Newly elected councilors, however, argued that the council is moving toward positive reforms.
“We’re beginning to see the light at the end of the tunnel,” Councilor Thomas Coward said.
There was strong support for reducing morning dog hours by an hour, allowing them only from 7 a.m. to 9 a.m. instead of 6 a.m. to 9 a.m., a change only Mayor Tom Blake opposed. The change would address the complaints of at least one beachside resident, who has said he wakes to the sounds of owners calling their dogs. The change would also be consistent with the city’s noise ordinance.
At the same time, the council proposed allowing evening dog hours, from 7 p.m. to 9 p.m. The proposed change would effectively give dogs an extra hour on the beach every day.

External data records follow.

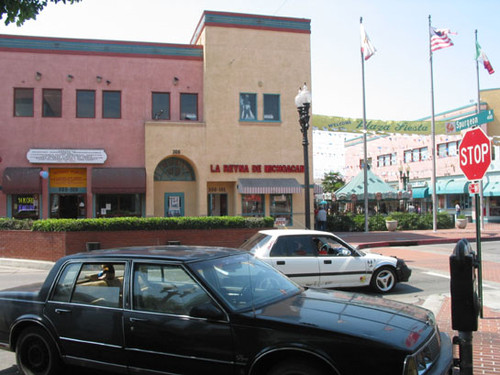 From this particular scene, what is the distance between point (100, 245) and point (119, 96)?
33.1 feet

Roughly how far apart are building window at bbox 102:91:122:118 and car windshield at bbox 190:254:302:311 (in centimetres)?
1961

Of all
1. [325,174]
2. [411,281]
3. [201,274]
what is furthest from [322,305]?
[325,174]

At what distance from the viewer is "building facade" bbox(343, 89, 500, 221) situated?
35.7 metres

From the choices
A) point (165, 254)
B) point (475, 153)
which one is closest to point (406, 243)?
point (475, 153)

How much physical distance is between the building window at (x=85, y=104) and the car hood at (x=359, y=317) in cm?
2055

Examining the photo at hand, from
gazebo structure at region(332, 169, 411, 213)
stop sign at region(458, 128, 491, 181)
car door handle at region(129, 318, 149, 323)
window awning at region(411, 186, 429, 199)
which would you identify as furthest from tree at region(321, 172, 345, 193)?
car door handle at region(129, 318, 149, 323)

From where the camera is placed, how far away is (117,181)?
21672 mm

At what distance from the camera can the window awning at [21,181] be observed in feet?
68.6

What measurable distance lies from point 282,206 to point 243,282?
19216mm

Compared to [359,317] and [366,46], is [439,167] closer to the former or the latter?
[366,46]

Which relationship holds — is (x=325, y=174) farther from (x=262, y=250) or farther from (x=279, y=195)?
(x=262, y=250)

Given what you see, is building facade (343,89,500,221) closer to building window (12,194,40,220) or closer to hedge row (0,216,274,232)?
hedge row (0,216,274,232)

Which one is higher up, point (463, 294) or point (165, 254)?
point (165, 254)

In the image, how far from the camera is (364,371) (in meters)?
3.26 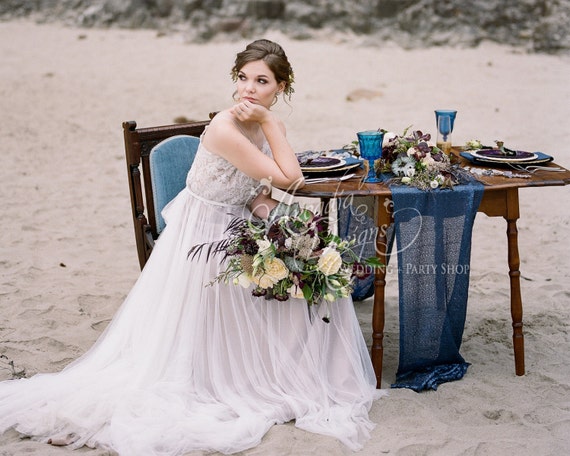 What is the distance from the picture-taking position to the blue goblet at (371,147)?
11.2ft

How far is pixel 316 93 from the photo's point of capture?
34.4ft

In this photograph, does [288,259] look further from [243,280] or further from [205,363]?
[205,363]

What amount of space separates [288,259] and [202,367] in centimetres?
62

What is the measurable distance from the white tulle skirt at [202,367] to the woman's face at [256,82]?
50 centimetres

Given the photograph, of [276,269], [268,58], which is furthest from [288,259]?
[268,58]

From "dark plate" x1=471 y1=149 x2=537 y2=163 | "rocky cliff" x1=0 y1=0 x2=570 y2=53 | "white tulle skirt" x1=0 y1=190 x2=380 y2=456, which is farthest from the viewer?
"rocky cliff" x1=0 y1=0 x2=570 y2=53

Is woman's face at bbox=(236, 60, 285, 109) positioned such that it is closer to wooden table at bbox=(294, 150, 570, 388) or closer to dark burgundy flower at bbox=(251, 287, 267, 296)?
wooden table at bbox=(294, 150, 570, 388)

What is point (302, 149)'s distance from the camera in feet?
26.2

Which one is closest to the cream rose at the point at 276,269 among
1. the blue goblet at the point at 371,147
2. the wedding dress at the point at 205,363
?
the wedding dress at the point at 205,363

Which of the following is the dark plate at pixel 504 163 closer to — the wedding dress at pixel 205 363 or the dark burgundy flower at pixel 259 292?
the wedding dress at pixel 205 363

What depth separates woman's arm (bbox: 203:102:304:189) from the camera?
323 cm

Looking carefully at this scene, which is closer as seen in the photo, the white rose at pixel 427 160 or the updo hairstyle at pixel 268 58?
the updo hairstyle at pixel 268 58

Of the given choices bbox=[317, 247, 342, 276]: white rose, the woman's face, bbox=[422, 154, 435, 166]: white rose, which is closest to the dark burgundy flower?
bbox=[317, 247, 342, 276]: white rose

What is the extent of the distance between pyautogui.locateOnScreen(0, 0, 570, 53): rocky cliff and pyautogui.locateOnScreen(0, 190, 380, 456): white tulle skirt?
35.3ft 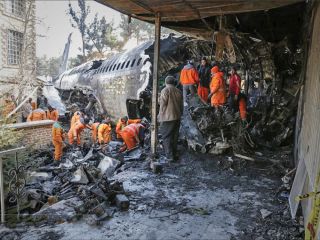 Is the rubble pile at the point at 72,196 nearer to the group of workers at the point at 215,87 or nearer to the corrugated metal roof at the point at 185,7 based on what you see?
the group of workers at the point at 215,87

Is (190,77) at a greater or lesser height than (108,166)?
greater

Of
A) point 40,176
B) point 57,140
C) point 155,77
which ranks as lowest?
point 40,176

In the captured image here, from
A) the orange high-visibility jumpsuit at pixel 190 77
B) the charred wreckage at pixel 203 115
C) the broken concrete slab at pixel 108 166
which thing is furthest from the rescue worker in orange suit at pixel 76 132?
the orange high-visibility jumpsuit at pixel 190 77

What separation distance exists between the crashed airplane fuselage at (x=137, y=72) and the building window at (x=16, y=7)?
10.5 m

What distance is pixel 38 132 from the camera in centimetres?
1028

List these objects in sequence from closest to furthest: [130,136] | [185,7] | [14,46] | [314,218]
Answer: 1. [314,218]
2. [185,7]
3. [130,136]
4. [14,46]

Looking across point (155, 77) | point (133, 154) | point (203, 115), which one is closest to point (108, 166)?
point (133, 154)

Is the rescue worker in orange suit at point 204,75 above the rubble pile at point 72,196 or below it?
above

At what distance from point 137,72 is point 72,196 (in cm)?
667

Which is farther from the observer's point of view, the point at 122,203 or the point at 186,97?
the point at 186,97

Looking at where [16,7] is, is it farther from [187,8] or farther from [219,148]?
[219,148]

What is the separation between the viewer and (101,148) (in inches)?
365

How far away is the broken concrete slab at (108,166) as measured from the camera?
704 cm

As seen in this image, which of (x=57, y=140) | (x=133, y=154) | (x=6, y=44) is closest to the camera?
(x=133, y=154)
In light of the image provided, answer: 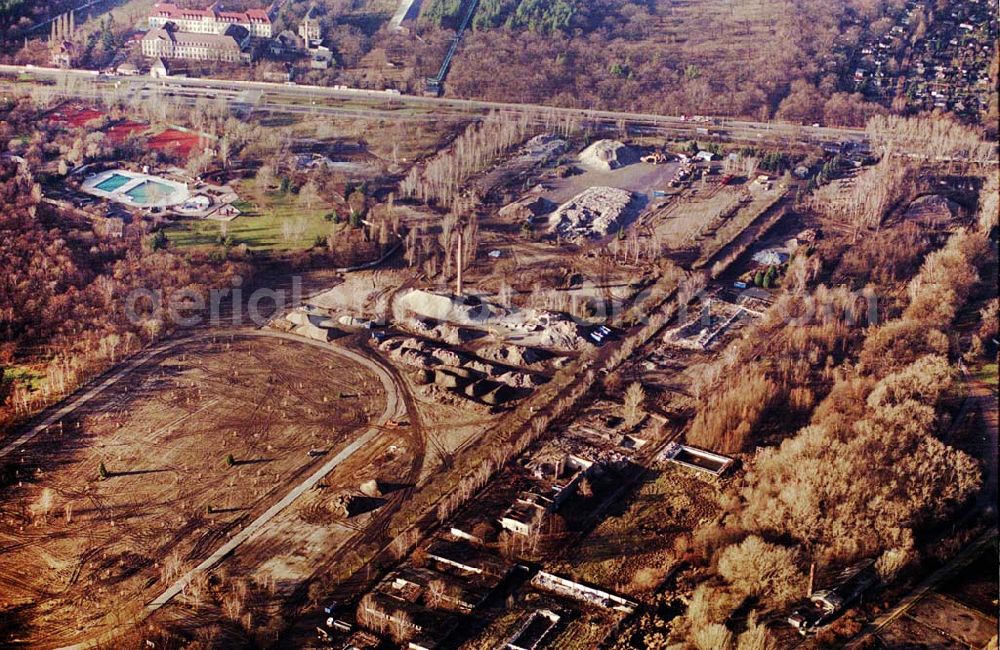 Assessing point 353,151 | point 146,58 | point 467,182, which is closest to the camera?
point 467,182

There was also strong consensus for strengthening the definition of voice control to require dogs to immediately respond to their owners’ commands. The animal control officer, who would be at the beach during dog hours, would be have the authority to make owners demonstrate control.

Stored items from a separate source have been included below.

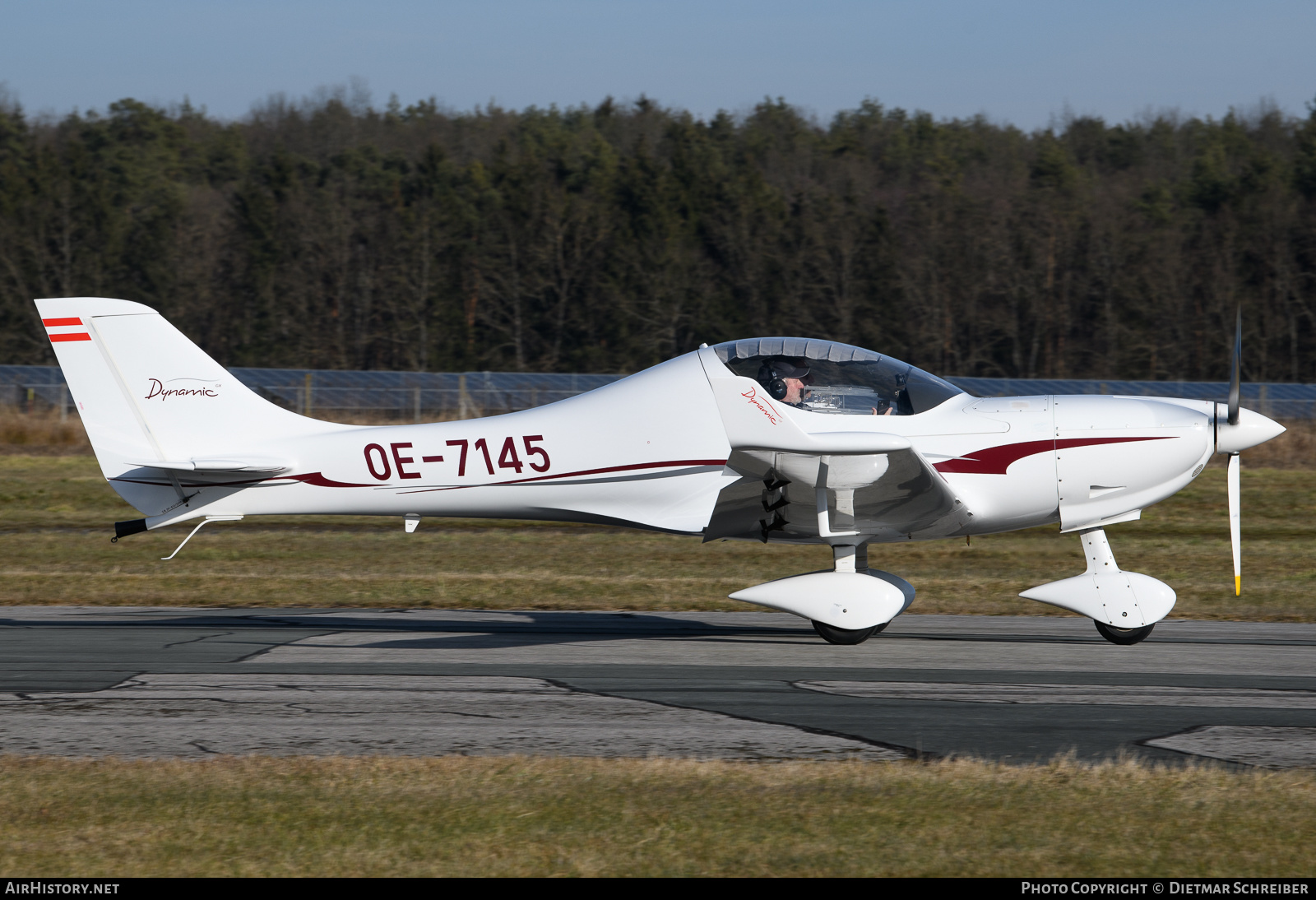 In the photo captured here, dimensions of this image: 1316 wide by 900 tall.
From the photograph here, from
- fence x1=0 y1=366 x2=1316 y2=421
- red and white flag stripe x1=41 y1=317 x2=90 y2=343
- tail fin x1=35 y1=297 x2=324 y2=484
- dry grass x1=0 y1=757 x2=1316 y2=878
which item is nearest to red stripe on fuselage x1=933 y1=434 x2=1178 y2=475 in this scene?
dry grass x1=0 y1=757 x2=1316 y2=878

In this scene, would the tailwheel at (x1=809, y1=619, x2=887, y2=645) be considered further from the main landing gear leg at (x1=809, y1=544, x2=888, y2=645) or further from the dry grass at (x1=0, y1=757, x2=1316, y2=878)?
the dry grass at (x1=0, y1=757, x2=1316, y2=878)

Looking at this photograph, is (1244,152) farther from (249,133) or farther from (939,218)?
(249,133)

For those found in violation, the council proposes fines of $100 for the first offense, $250 for the second and $500 for the third.
The council is also expected to prohibit off-leash dogs at Mill Creek Park, but is not expected to enact further restrictions at other parks — Hinckley, Bug Light and Spring Point.
Left unresolved, however, is a proposal to extend the summer restrictions into April. Dogs are currently allowed on the beach at all times from May 1 to Sept. 30, but the council was deadlocked on whether to restrict access in April.
“April is the problem month,” Councilor Linda Boudreau said.
The council was also deadlocked on a proposal to create a standing committee to oversee dog use on the beach. Supporters said a standing committee would allow a forum, other than council meetings, for people on both sides of the issue to discuss problems. That committee could address incidents on an ongoing basis and would report to the council.
Blake said a standing committee would free the council to address more important issues throughout the city.
“Getting a group actively working together is going to be positive for this community,” Blake said. “I see this as allowing us to do greater things.”
Opponents, however, worried that creating another committee would would ignore the work of the task force, which spent last summer studying dog-related issues at the beach and issued some of the recommendations now before the council. They also feared the council would be perceived by the community as dodging the issue.
“People talk about that all the time,” Beecher said. “If you don’t want to make a decision, form a committee.”
Boudreau, who has been on the council for more than 16 years, said she is finished with the dog issue, which has taken up not only councilors’ time, but the time of paid city staffers like Assistant City Manager Erik Carson, who has been dealing with it since he came to the city less than a year ago.
“It is something that does not lend itself to a council form of government,” Boudreau said. “I very seldom in my life say I’m done with something, but I’m done. I’m done with issue.”
Boudreau suggested the council put a referendum before residents to let them decide. “I feel like we will vote on something tonight and the e-mails will start tomorrow,” she said. “Go to referendum and be done with it.”
Beecher and Hughes were not opposed to idea, but Smith, Coward and Blake argued that a referendum would only divide the community.